It’s the summer before he starts sixth grade at Black Butte Ranch in Oregon, and he feels as if everything in his world is changing—especially since his beloved Great Gramp died. Nick and his grandfather invented Click, a superhero character, and the boy still loves working on a Click comic book. He’s a huge fan of comic-book hero Superman, but his old friends left their love of superheroes behind and got into team sports, and Nick’s dad wishes his son would do the same; meanwhile, Nick’s mom has him doing book reports over summer break. As a result, Nick feels like nothing he does is good enough. On top of everything else, Nick’s dad is about to lose his job and move the family to a big city. What nobody seems to notice is that Nick has unusual gifts: He’s an artist who has a great understanding of animals, and he has a big heart. The summer takes a turn for the better when he makes some new friends who like him for who is. When the townsfolk discover that someone has been going around doing good deeds at night, Nick relies on his friends to help him keep his identity a secret. Each chapter opens with a clever and beautifully drawn full-page grayscale comic by Tisdel starring Click and a cast of characters inspired by Nick’s life.
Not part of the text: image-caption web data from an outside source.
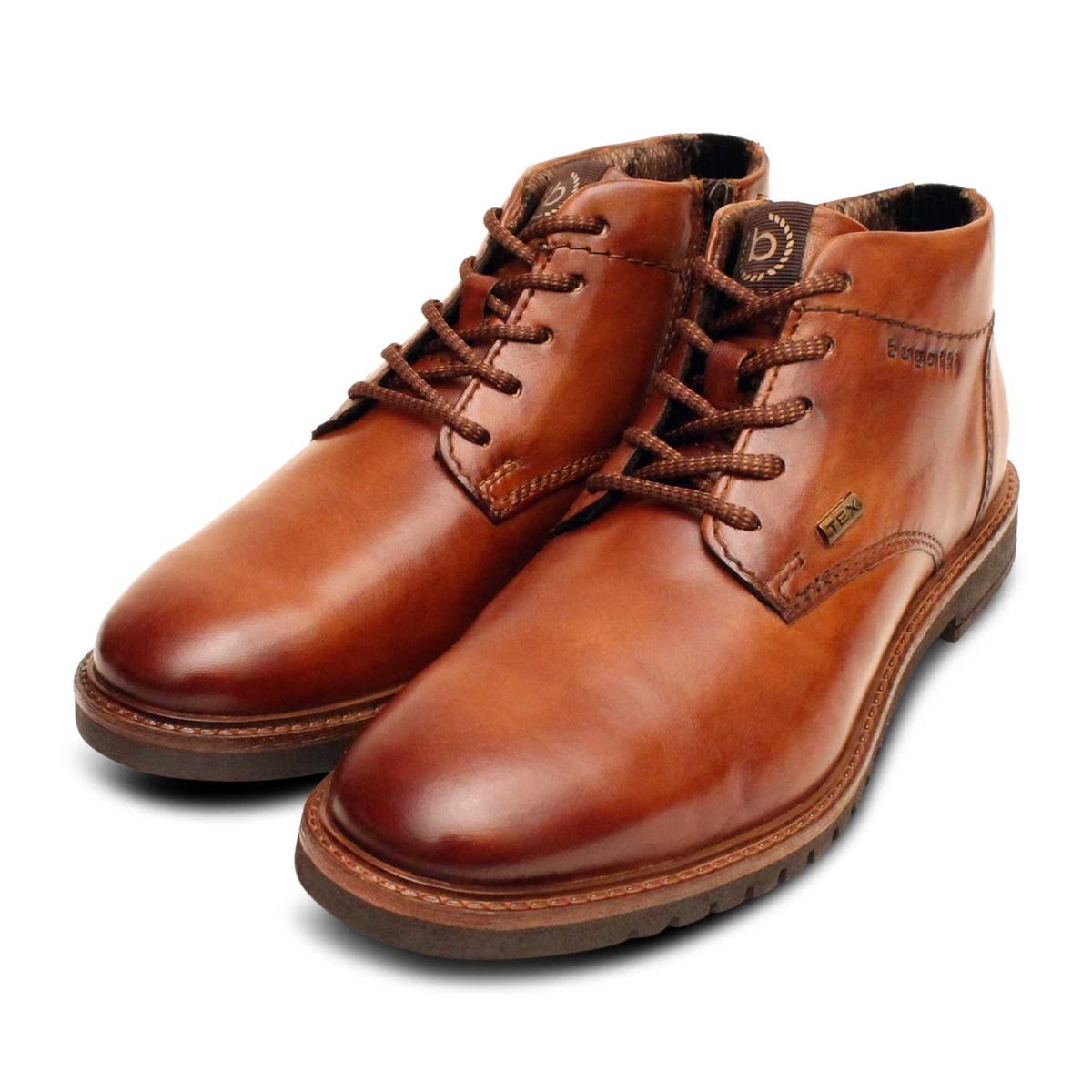Bugatti Light Brown Lace Up Side Zip Chukka Boots
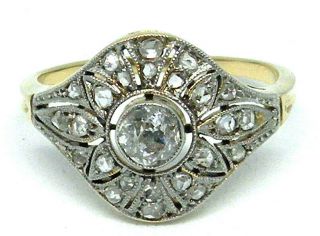 Antique Edwardian 18k Gold With Diamonds Ring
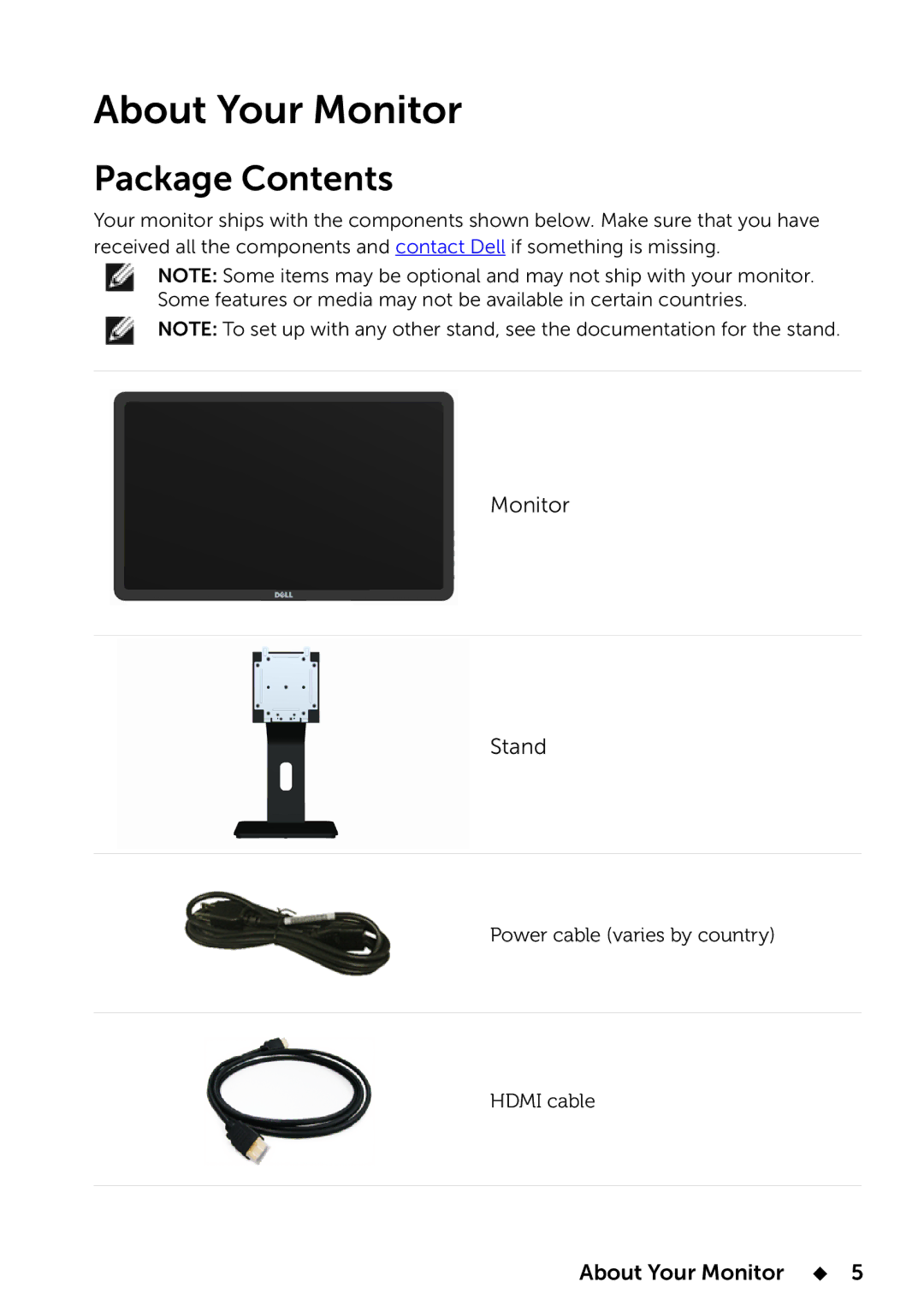 Dell E2014T, 858-BBBE manual About Your Monitor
The story is compulsively readable, as the pace is dynamic—sometimes exciting and other times tender and contemplative. Nick’s character is easy to relate to in a story that highlights his creativity, self-doubt, grief, patience, and genuine dedication to serving others. The prose is never patronizing and always deeply engaging, with descriptive passages that put the reader in Nick’s shoes; one feels his attachment to his home and to his developing relationships. Each character has their own distinct voice, backstory, and sensibilities, all filtered through Nick’s perspective.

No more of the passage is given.